# Hybrid "Silver Carbon Fiber" Interior Trim - MK6 GLI



## [email protected] (Jun 9, 2009)

I just wanted to share some amazing work from Matt over at oCarbon. For those who don't know, he specializes in carbon fiber trims, etc. He is better well known on a lot of the Audi forums, but I've also seen him lurking around here every once in a while. I just had him make me a set for my MK6 GLI, and I just wanted to share. I must say, quality is absolutely amazing. Fitment is also on point - just as perfect as OEM. I couldn't be any happier.


----------



## bounty44 (Mar 13, 2012)

How much did this run you? Looks really good :beer:


----------



## [email protected] (Jun 9, 2009)

bounty44 said:


> How much did this run you? Looks really good :beer:


a few hundred bucks, plus the trim set I had to send in as a core.

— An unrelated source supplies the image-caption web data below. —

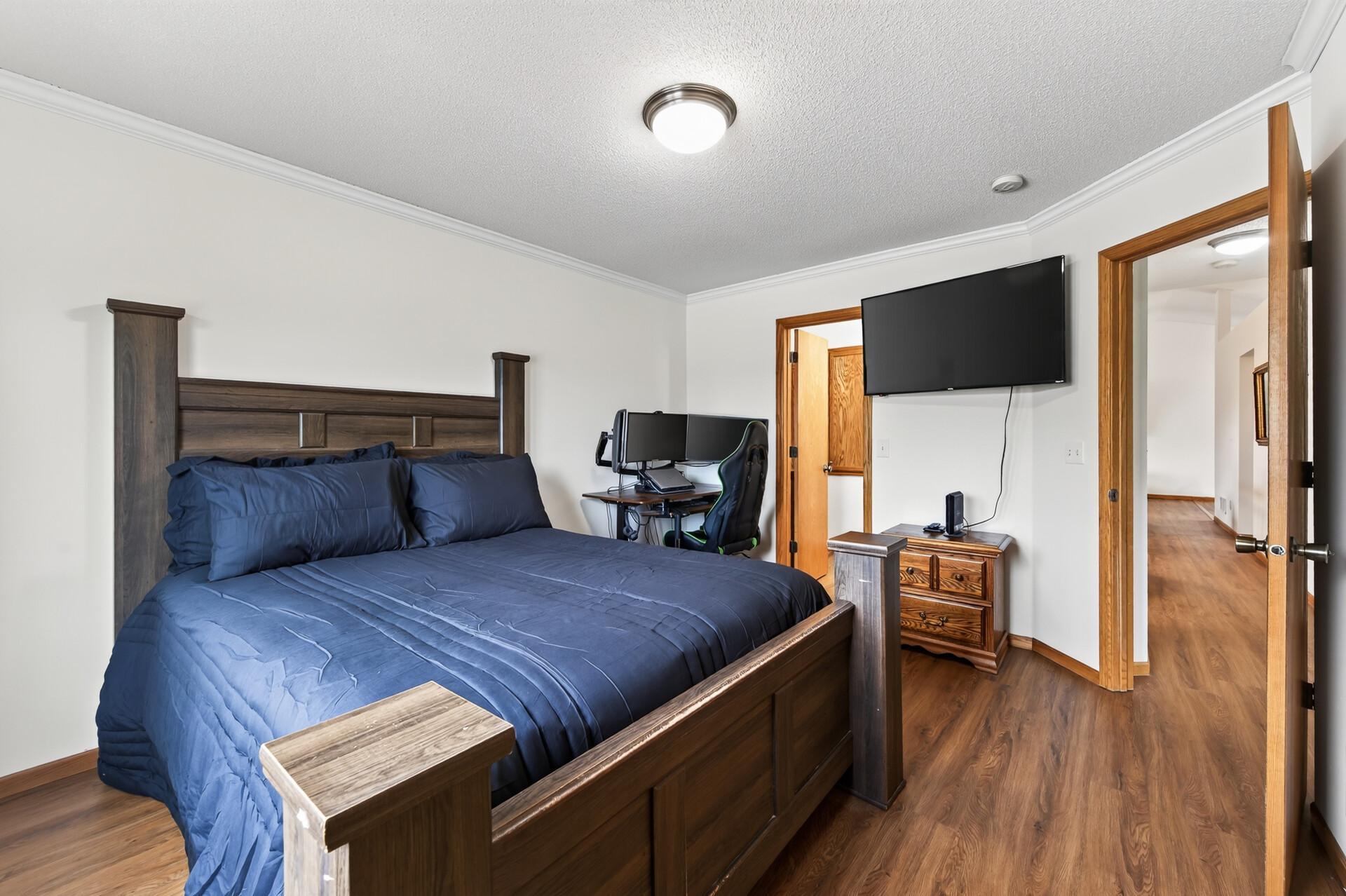 5040 Edinburgh Way Property Photo 13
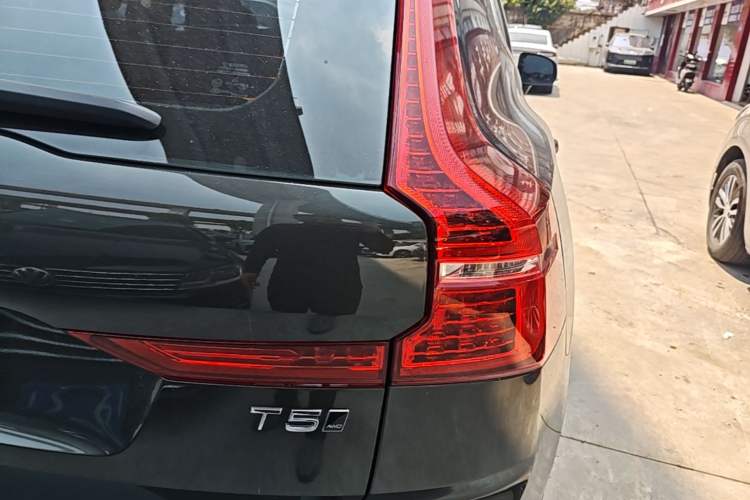 Used Volvo XC60 2021 T5 4x4 Smart Luxury Edition Right Rear Taillight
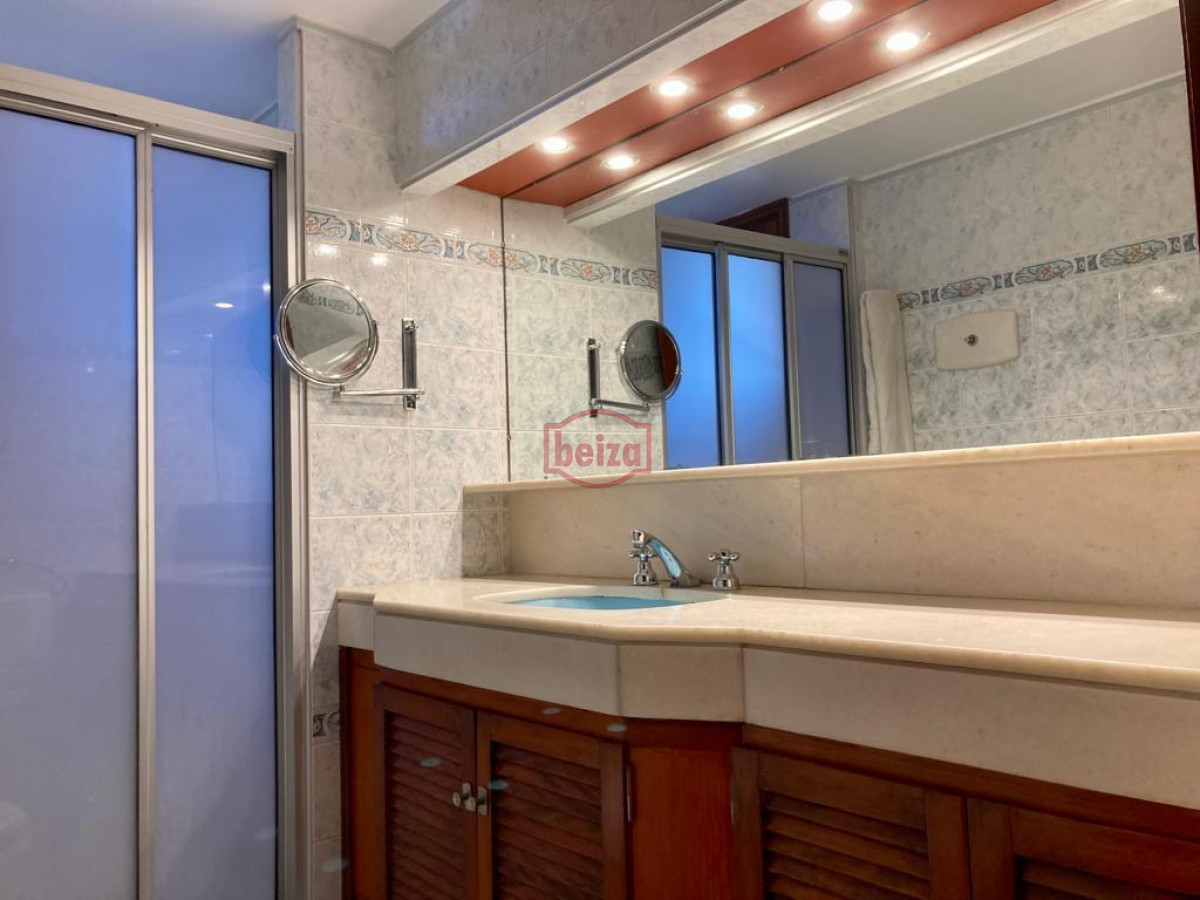 Casa ID.166879/Casa-de-3-Dormitorios-en-Manantiales - Alquiler casa 4 dormitorios a pasos del mar playa brava Punta del Este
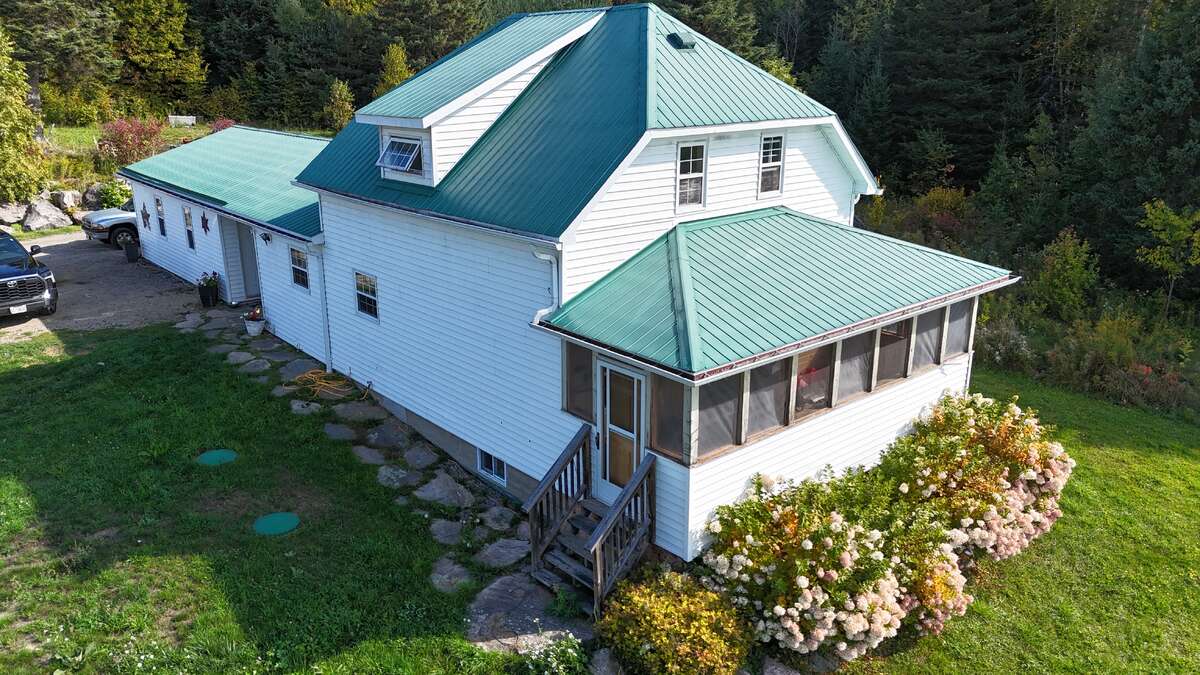 Farm For Sale - 2170 HWY 520 W, Burk's Falls, ON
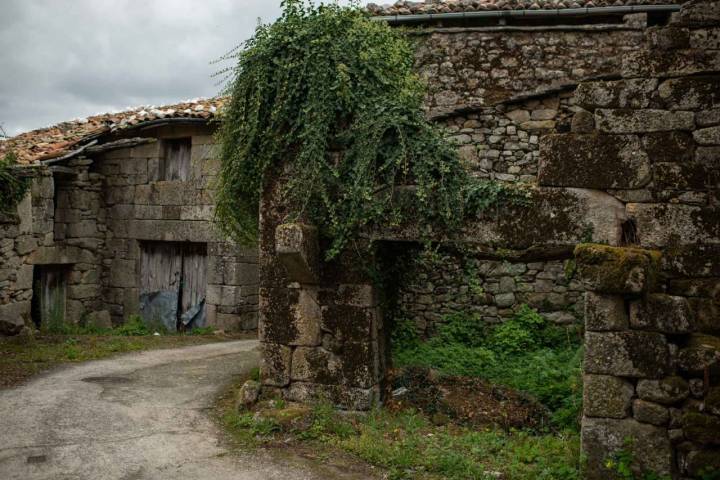 Pueblo de Vilouxe donde se encuentra uno de los miradores más especiales de la ruta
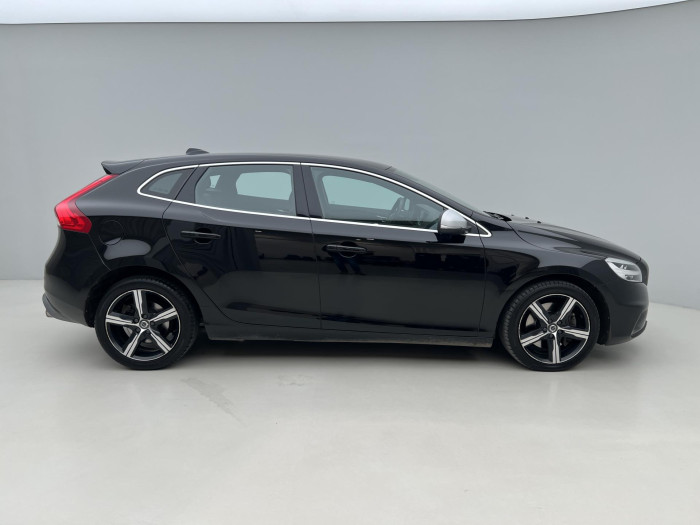Volvo V40 D3 MOMENTUM AUT CZ 2.0 d Momentum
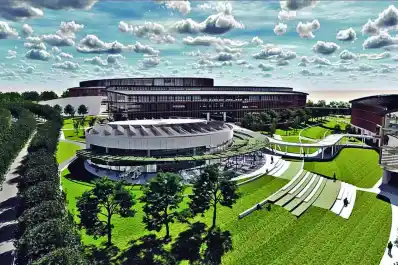 El Centro Cívico del despilfarro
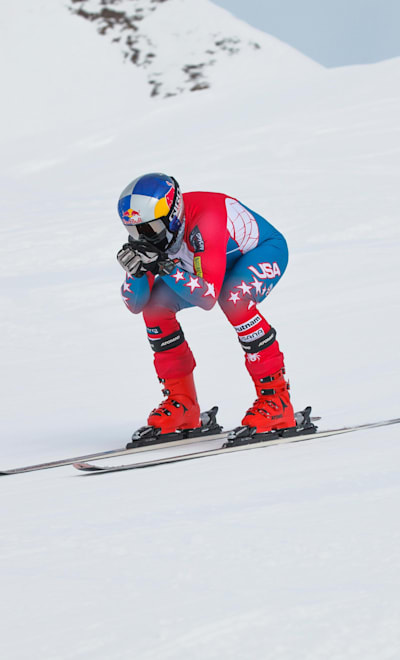 Daron Rahlves en ski sur la première section de la course Arctic Man à Paxson aux US en 2017.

Since I didn't want to be without my trim for a few weeks, I bought a used set off another member that was parting out. Depending on the different fabricats, materials, and colors, prices can be a little less or more. Definitely worth it though. :thumbup:


----------



## turboaudi01 (Jul 1, 2009)

Hey man, where did you get that European headlight switch? Is it the same one for the MK5. Just didnt want to buy the wrong one...


----------



## [email protected] (Jun 9, 2009)

turboaudi01 said:


> Hey man, where did you get that European headlight switch? Is it the same one for the MK5. Just didnt want to buy the wrong one...


 this is the one i ordered here: http://www.ecstuning.com/Search/5ND941431A/ES2081100/


----------



## turboaudi01 (Jul 1, 2009)

Thanks man


----------



## [email protected] (Jun 9, 2009)

turboaudi01 said:


> Thanks man


no problem, any time!


----------